• Data section:

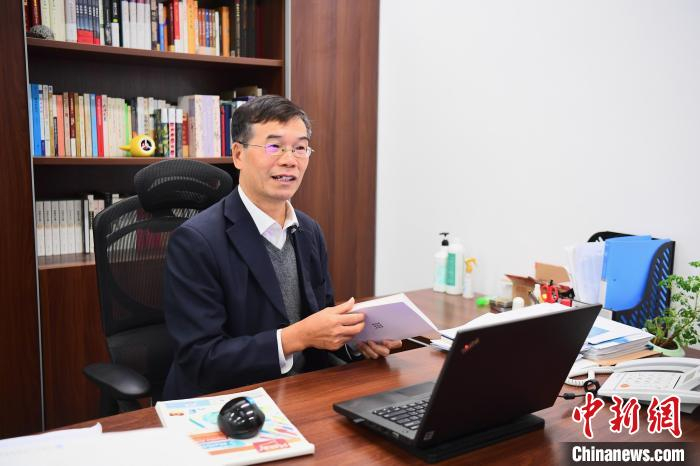 图为陆建新。　陈文 摄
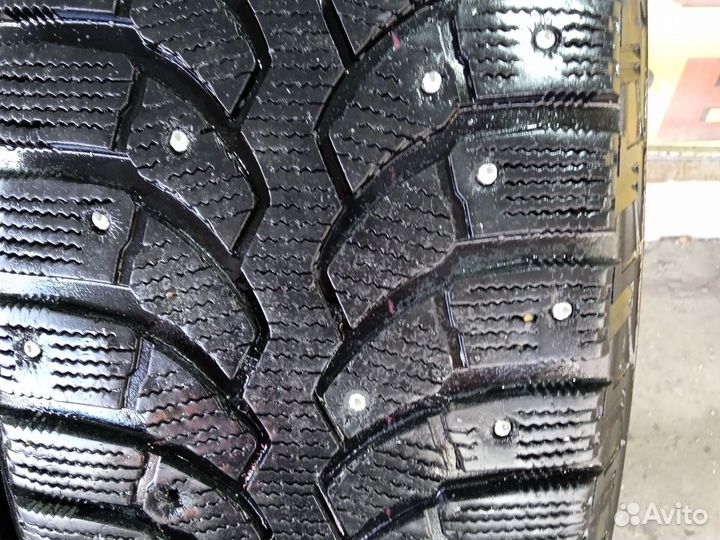 Bridgestone Blizzak Spike-01 225/60 R17 103T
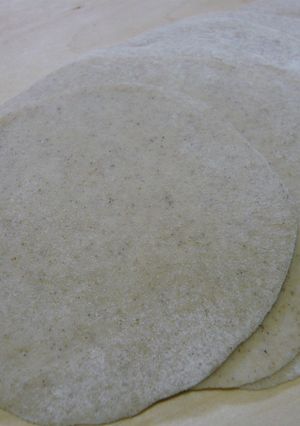 手作りしましょ! そば粉de餃子の皮-レシピのメイン写真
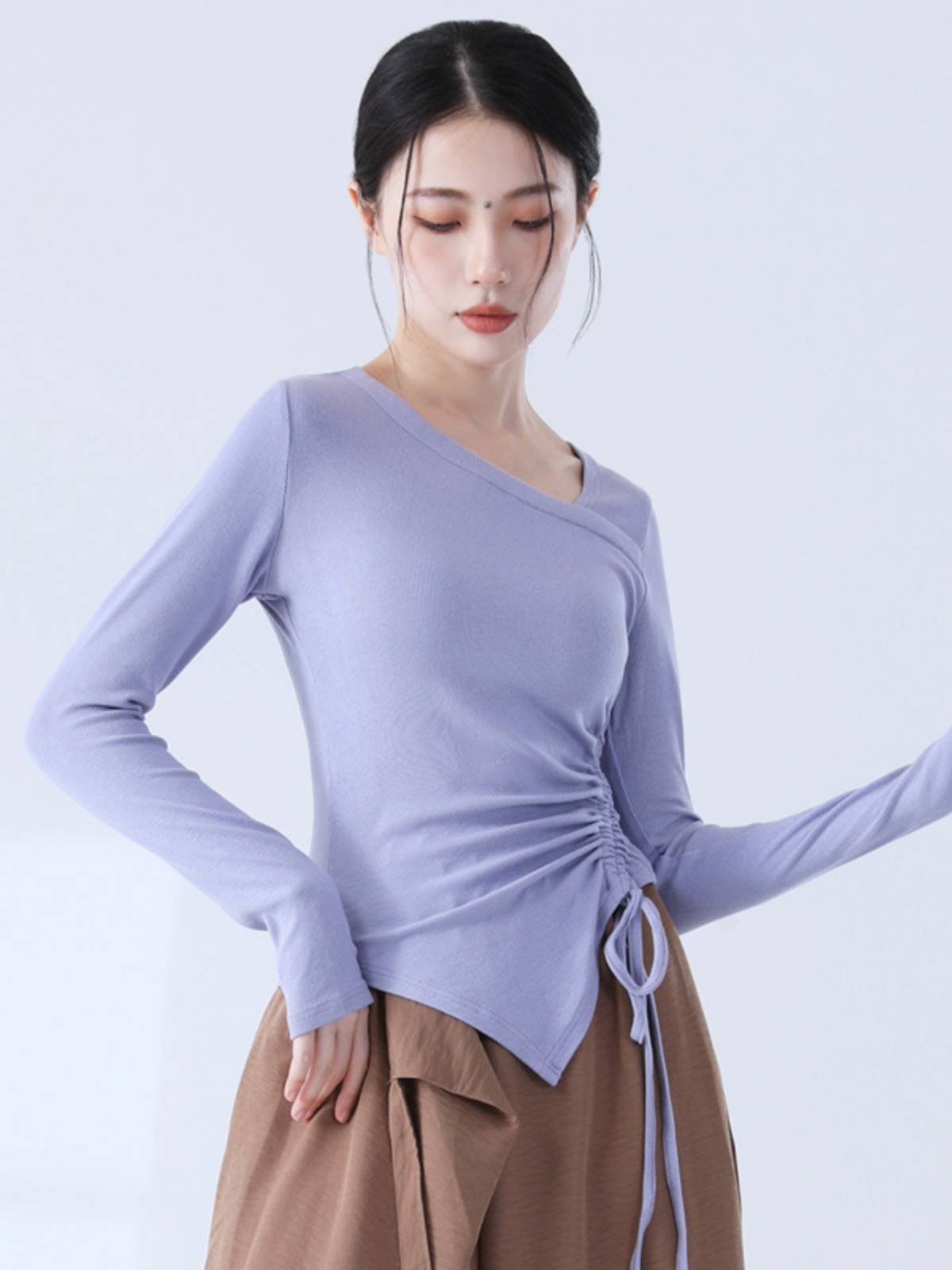 Dance practice service Modern classical dance clothing slim sleeve finger drawing thin design professional clothing teacher top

• Problem to solve:
Set down the line containing "手作りしましょ! そば粉de餃子の皮-レシピのメイン写真" and every line after it up to the end of the material, exactly as written, but not the pictures.

• Completed task:
 手作りしましょ! そば粉de餃子の皮-レシピのメイン写真
 Dance practice service Modern classical dance clothing slim sleeve finger drawing thin design professional clothing teacher top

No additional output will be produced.